● Task to carry out
Your answer should consist solely of the lines from the one holding "Superior tweepersoonskamer |" through the final line of the entries, reproduced exactly and without pictures.

BEGIN Extracted records

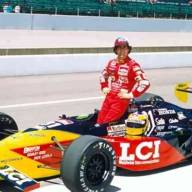 Brasileiro André Ribeiro, ex-piloto da Indy, morre aos 55 anos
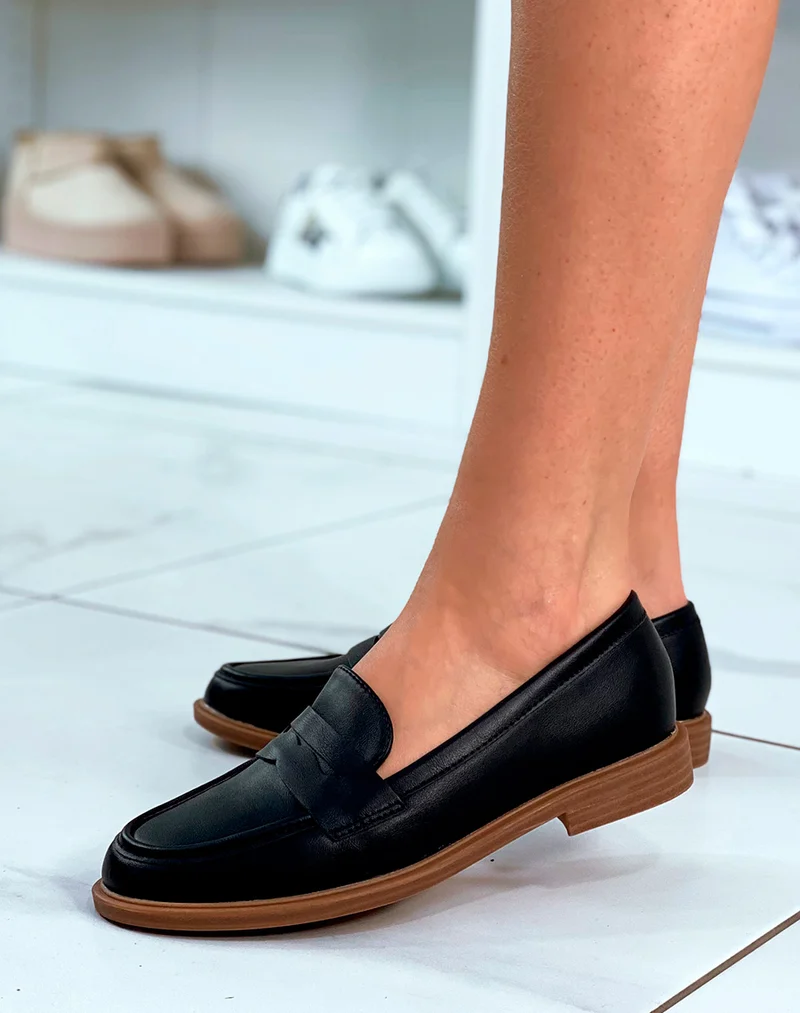 Mocassins noires mat à semelle marron pour femme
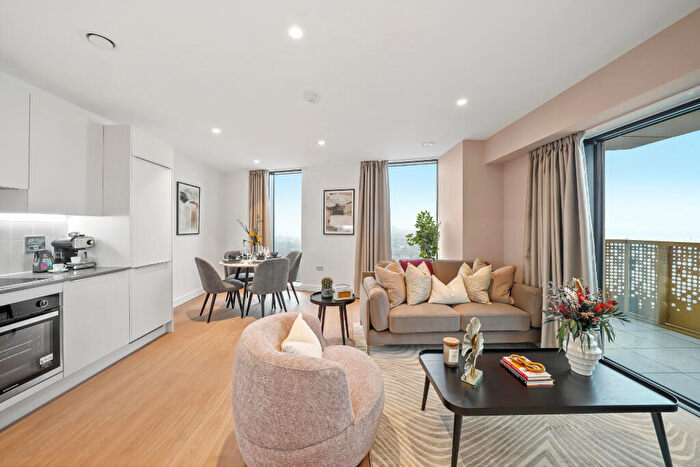 2 Bedroom Apartment To Rent In Pinnacle Tower, SE13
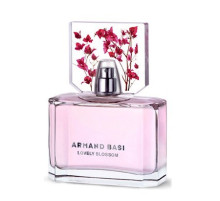 Аромат Armand Basi Lovely Blossom Туалетная вода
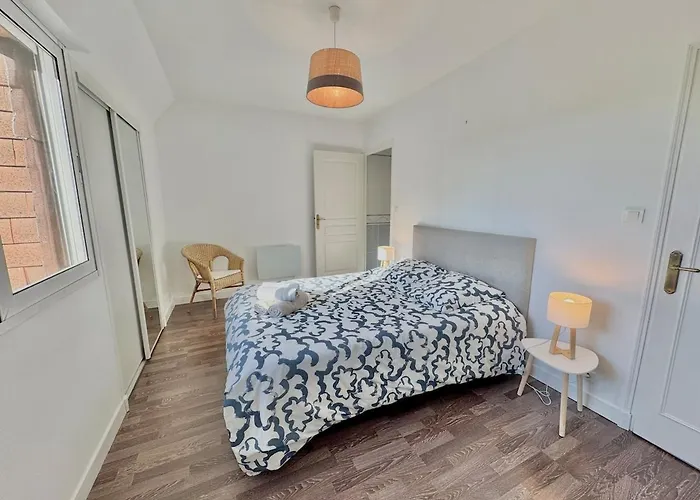 Lejlighed Cocooning - Situe A Seulement 3 Minutes A Pied Du Coeur De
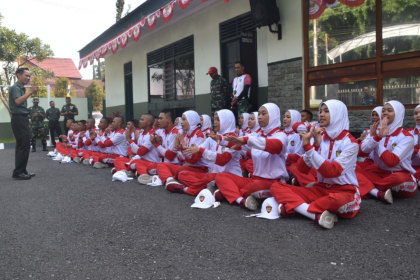 Dandim Berikan Motivasi Kepada Paskibra Kabupaten Wonosobo 2 Screenshot 20230802 163554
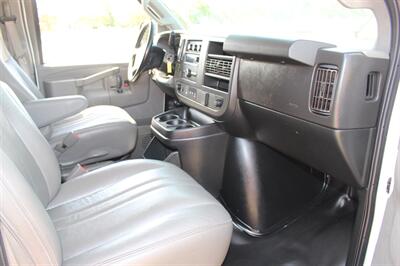 2021 Chevrolet Express 2500   - Photo 16 - Euless, TX 76040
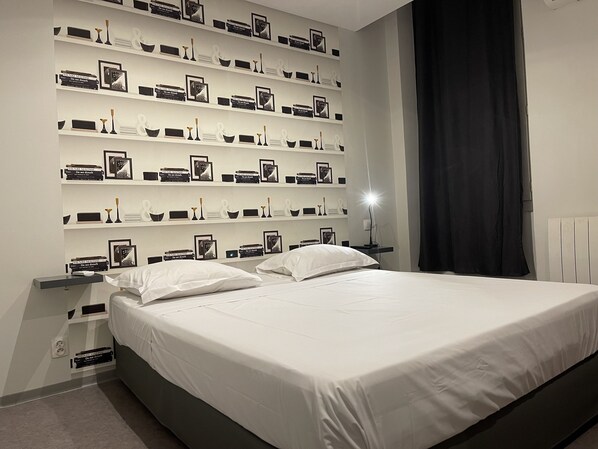 Superior tweepersoonskamer | Een bureau, een laptopwerkplek, verduisterende gordijnen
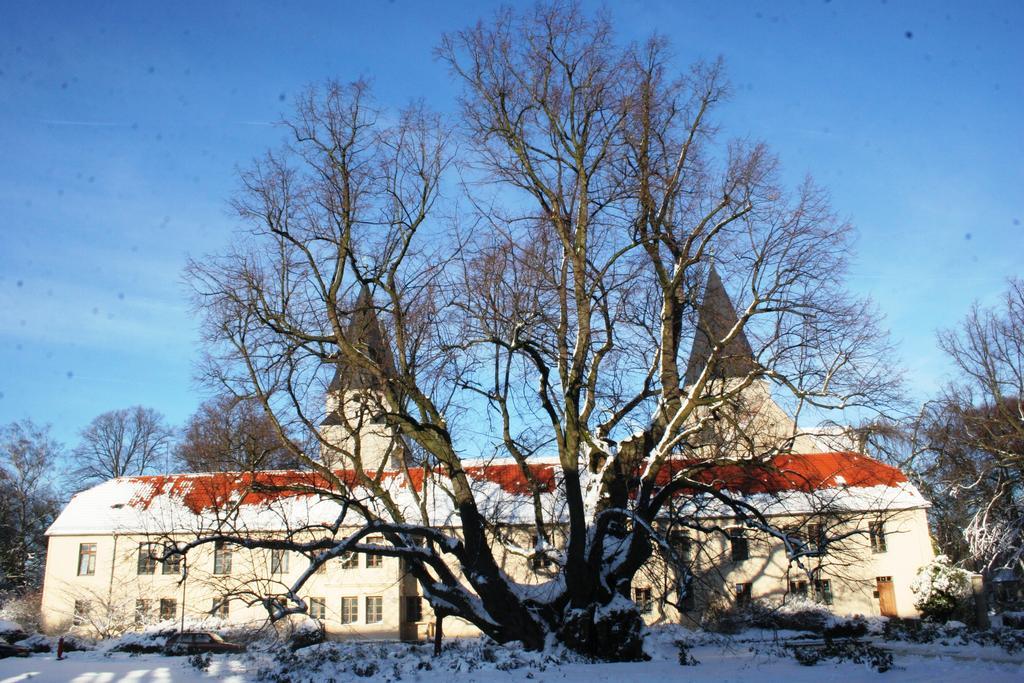 Отель Kaerntner Stub'N Кёнигслуттер-ам-Эльм Экстерьер фото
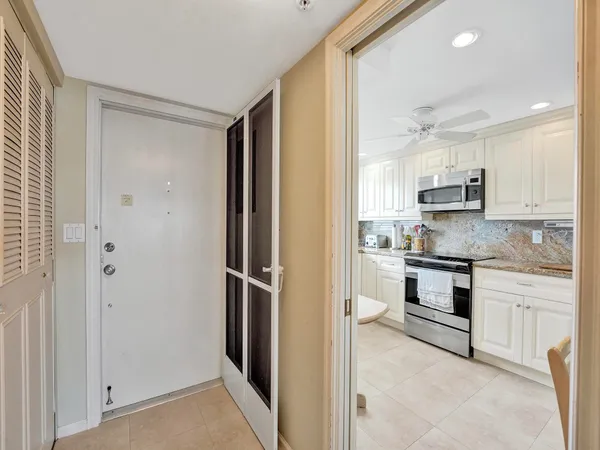 $4,500 | 3300 South Ocean Boulevard, Unit 1021C, Highland Beach, FL 33487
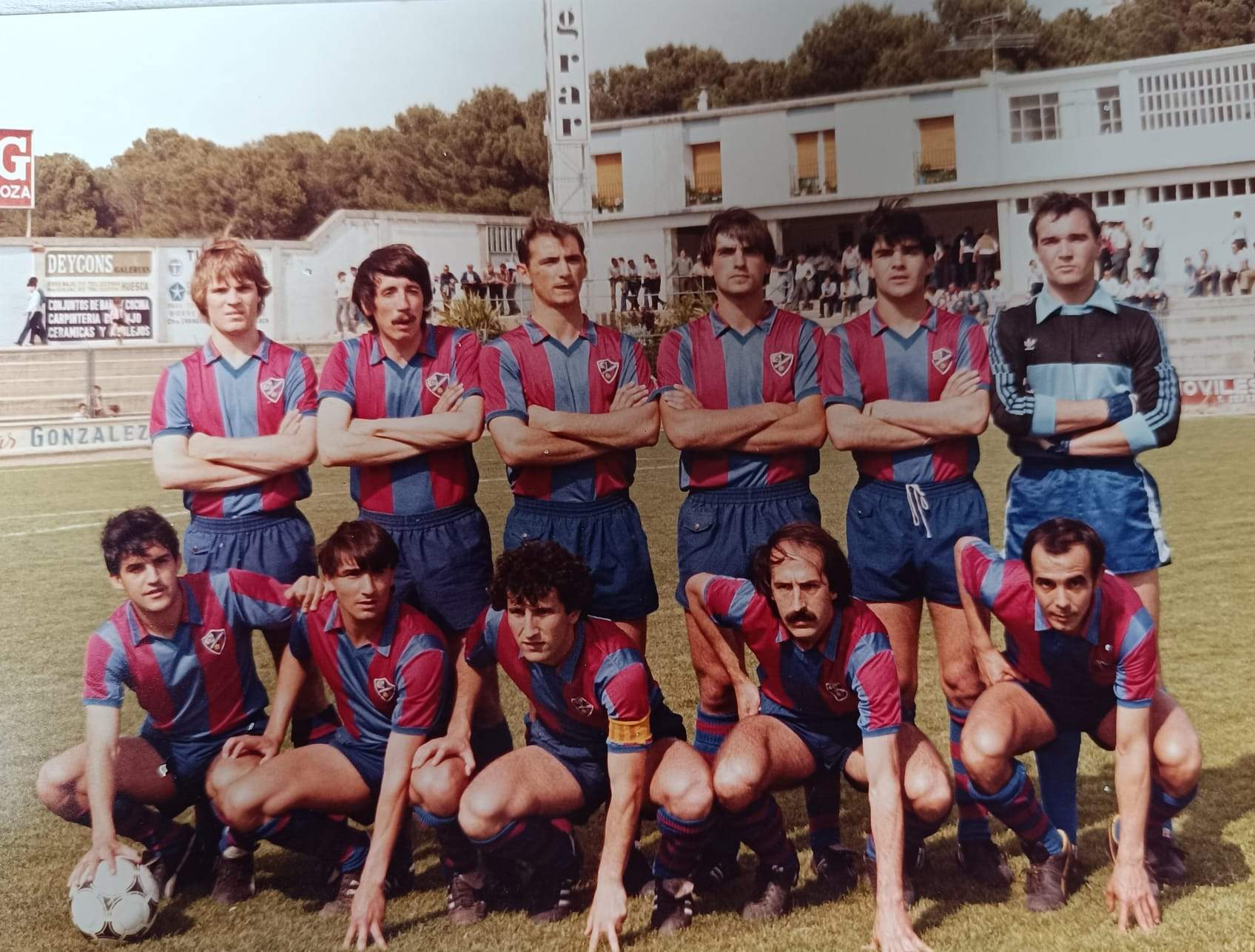 En el Huesca, temporada 81-82, Esparza tercero por la derecha de pie.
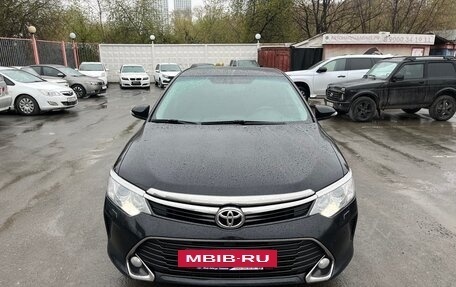 Toyota Camry, 2017 год, 1 700 000 рублей, 8 фотография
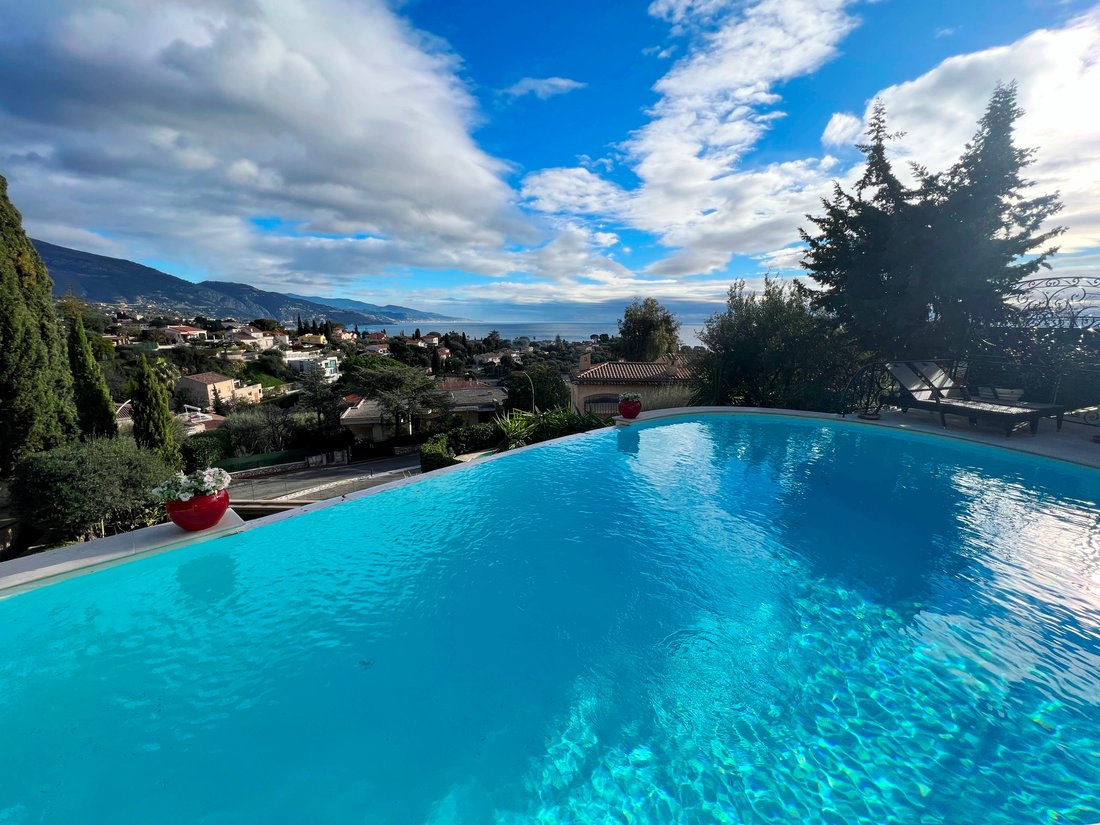Villa in Roquebrune-Cap-Martin, Provence-Alpes-Côte d'Azur, France 2 - 12466836
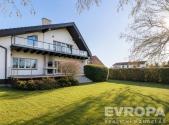 Pronájem - dům/vila, 350 m²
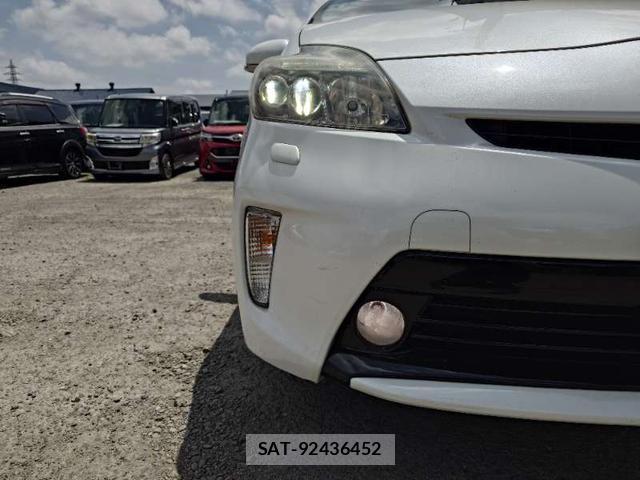 Toyota PRIUS 2012-08 8219251-6
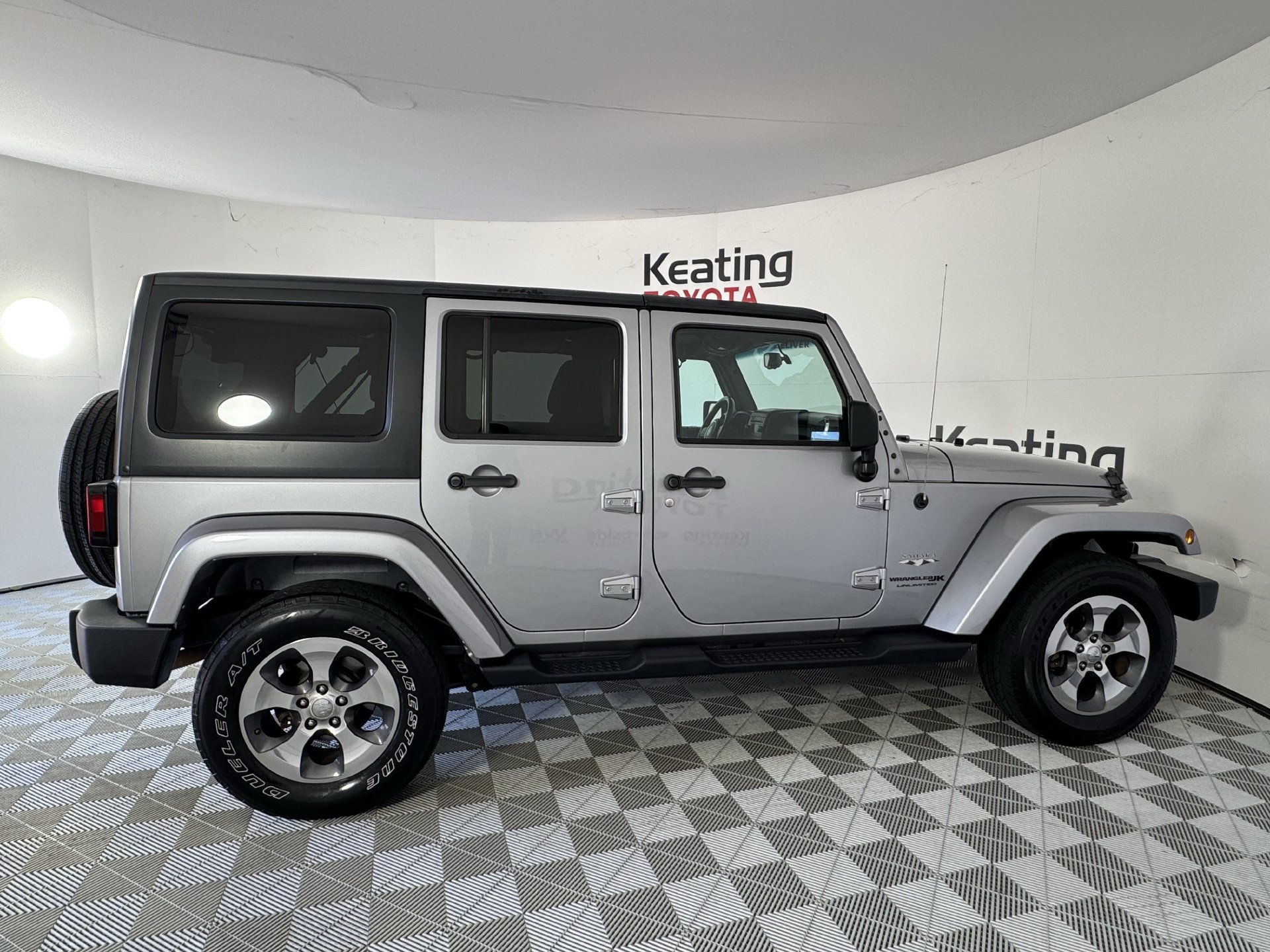 Used 2018 Jeep Wrangler Unlimited Sahara AWD/4WD image 4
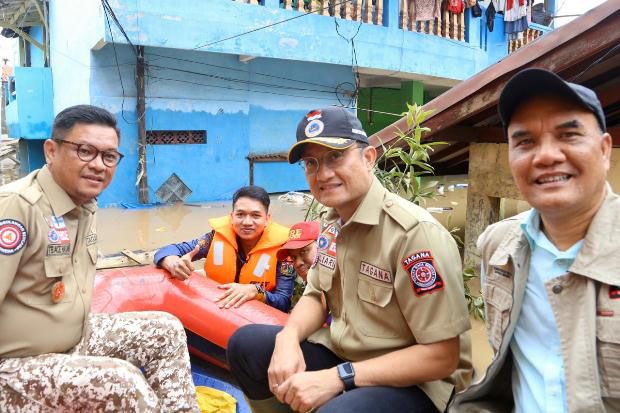 Mensos Sayangkan Kelambatan...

END Extracted records

● Task solution
 Superior tweepersoonskamer | Een bureau, een laptopwerkplek, verduisterende gordijnen
 Отель Kaerntner Stub'N Кёнигслуттер-ам-Эльм Экстерьер фото
 $4,500 | 3300 South Ocean Boulevard, Unit 1021C, Highland Beach, FL 33487
 En el Huesca, temporada 81-82, Esparza tercero por la derecha de pie.
 Toyota Camry, 2017 год, 1 700 000 рублей, 8 фотография
Villa in Roquebrune-Cap-Martin, Provence-Alpes-Côte d'Azur, France 2 - 12466836
 Pronájem - dům/vila, 350 m²
 Toyota PRIUS 2012-08 8219251-6
 Used 2018 Jeep Wrangler Unlimited Sahara AWD/4WD image 4
 Mensos Sayangkan Kelambatan...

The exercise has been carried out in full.